In another era, before personal computers and email, when I was just out of school, letters and resumés were different. When you were competing with the herds of graduates looking for creative jobs you needed to have an outstanding, nonconformist approach. I chose a blue rag stationery that reflected my character. I wasted lots of that expensive paper because I typed the letter repeatedly until it fit the page and was free of mistakes. The process often took hours.
The resumé was even worse. I recall struggling to get the blocks of experience on my curriculum vitae to fit on a page. The ink was uneven. Because of my heavy hand on my manual typewriter, the dots on my i’s looked like pinholes on the page.
I’ve lived a great life in Vancouver largely because of my bold approach to a resumé. Back in 1977, I had drawn my self-portrait on the cover of Broadcastermagazine and had written my name into all the article teasers. A daring first page of my resumé. Page two showed I was slim on actual TV work experience.
Within a week of mailing my resumé and letter to CKVU’s president Daryl Duke, I received a long distance phone call and was told how creative my resumé and writing was. I was hired sight unseen.

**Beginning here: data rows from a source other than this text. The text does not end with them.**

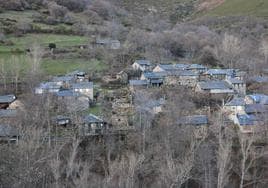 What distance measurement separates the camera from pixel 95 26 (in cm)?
5122

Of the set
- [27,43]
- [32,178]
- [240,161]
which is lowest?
[240,161]

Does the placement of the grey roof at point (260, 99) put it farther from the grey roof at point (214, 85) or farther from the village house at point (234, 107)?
the grey roof at point (214, 85)

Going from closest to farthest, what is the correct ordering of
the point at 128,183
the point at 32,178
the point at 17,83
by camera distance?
the point at 32,178 → the point at 128,183 → the point at 17,83

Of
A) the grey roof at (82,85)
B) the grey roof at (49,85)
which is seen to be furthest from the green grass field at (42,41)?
the grey roof at (82,85)

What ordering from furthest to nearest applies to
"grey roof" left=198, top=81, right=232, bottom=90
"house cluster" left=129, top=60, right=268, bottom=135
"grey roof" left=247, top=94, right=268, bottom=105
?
"grey roof" left=198, top=81, right=232, bottom=90 → "grey roof" left=247, top=94, right=268, bottom=105 → "house cluster" left=129, top=60, right=268, bottom=135

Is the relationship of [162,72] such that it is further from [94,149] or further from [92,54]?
[94,149]

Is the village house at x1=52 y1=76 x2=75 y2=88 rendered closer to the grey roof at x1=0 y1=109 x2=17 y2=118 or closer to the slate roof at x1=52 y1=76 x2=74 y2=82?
the slate roof at x1=52 y1=76 x2=74 y2=82

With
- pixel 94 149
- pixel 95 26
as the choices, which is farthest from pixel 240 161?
pixel 95 26

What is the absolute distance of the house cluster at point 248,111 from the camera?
24.1 m

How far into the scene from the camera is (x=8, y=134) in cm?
2041

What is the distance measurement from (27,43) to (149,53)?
10.5 meters

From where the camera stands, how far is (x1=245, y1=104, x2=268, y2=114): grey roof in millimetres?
26008

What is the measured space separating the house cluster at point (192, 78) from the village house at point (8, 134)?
11.6 metres

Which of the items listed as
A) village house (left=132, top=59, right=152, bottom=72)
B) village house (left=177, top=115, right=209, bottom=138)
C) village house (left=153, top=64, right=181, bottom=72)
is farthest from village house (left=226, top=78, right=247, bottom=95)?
village house (left=177, top=115, right=209, bottom=138) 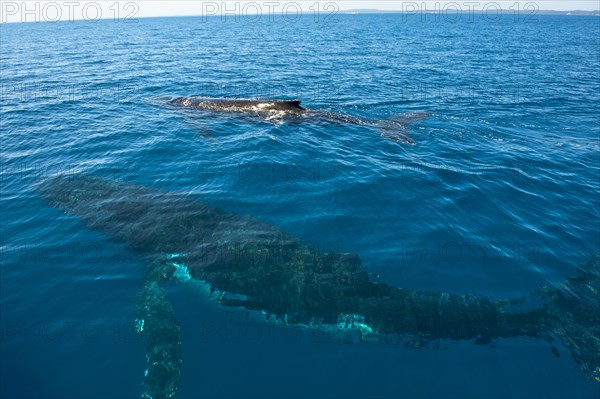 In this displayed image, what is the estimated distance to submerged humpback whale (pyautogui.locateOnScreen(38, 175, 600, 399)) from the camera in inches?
420

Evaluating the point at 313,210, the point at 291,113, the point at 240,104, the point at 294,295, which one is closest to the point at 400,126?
the point at 291,113

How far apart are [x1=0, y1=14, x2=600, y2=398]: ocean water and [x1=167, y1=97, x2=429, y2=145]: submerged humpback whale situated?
3.19 ft

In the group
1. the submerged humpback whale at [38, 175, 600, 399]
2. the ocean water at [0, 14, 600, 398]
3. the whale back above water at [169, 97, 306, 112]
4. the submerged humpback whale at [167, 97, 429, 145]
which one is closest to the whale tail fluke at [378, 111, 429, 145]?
the submerged humpback whale at [167, 97, 429, 145]

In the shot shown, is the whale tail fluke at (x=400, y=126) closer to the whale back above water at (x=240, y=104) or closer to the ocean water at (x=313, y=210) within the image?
the ocean water at (x=313, y=210)

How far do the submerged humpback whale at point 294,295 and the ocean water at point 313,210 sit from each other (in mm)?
408

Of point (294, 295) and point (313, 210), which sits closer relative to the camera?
point (294, 295)

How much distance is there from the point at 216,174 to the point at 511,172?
52.2ft

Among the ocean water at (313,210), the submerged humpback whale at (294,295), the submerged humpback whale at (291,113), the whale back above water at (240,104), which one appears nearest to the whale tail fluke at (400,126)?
the submerged humpback whale at (291,113)

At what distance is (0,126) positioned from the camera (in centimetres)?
2577

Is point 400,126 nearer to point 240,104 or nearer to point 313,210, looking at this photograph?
point 240,104

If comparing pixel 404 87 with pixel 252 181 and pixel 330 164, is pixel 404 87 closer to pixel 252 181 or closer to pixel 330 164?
pixel 330 164

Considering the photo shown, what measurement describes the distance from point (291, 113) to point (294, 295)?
17260 millimetres

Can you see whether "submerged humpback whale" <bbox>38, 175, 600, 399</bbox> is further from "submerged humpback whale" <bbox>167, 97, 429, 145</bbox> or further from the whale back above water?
the whale back above water

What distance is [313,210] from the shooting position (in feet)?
54.0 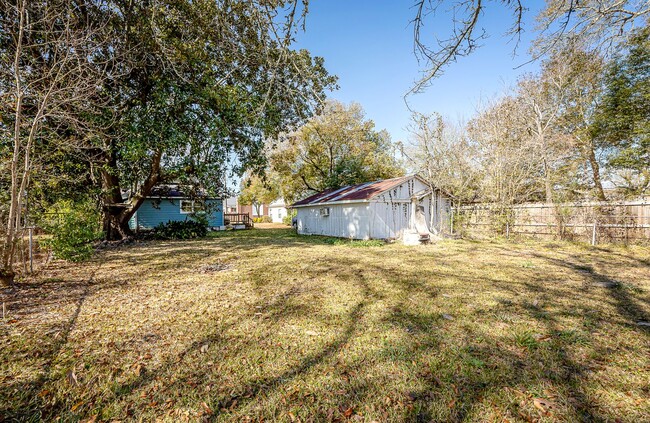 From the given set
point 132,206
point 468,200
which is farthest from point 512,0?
point 132,206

Later in my career, working as a TV producer, I received many creative resumés from people wanting to break into the business. One wannabe production assistant sent a Styrofoam egg container to me with his name and contact information on the lid. Inside each of the dozen egg shells was a slip of paper with a reason why the candidate should be hired. Creative. I didn’t throw it out for weeks, but his reasons weren’t enough for me to call him for an interview.
At Peak Communicators, I receive about 100 resumés and cover letters a year. Almost all arrive by email. So right away the factors of the quality of paper, texture, lumps of whiteout and lots of creativity are eliminated from the equation. With personal computers, resumés all look similar today. The text is uniform, the borders straight and as a result, what the candidate has to say is accentuated. There are few distractions.
I dismiss about 25 per cent of candidates because of the typos and bad grammar they display. Many get our company name wrong. We are not “Peak Communications.” It’s Peak Communicators.
At our PR agency we look for people who have at least one university degree. They have to be presentable, speak well, tell a story and think. We don’t settle for less. If they can’t write effectively, it is doubtful we’ll meet.
Last month I read a three-paragraph cover letter that stopped me in my tracks. It was written by a PR student whom I knew nothing about. She wrote with a refreshing and unconventional clarity. It was like she was sitting at the other side of my desk talking to me about her life and goals. The same unconstrained voice was in her resumé.
When a letter and resumé are that strong, you are seldom disappointed when you meet the person. She aced her interview too.
Emily Kiloh is the talented winner of Peak’s PR Scholarship for spring 2014. She starts her internship with us on June 2.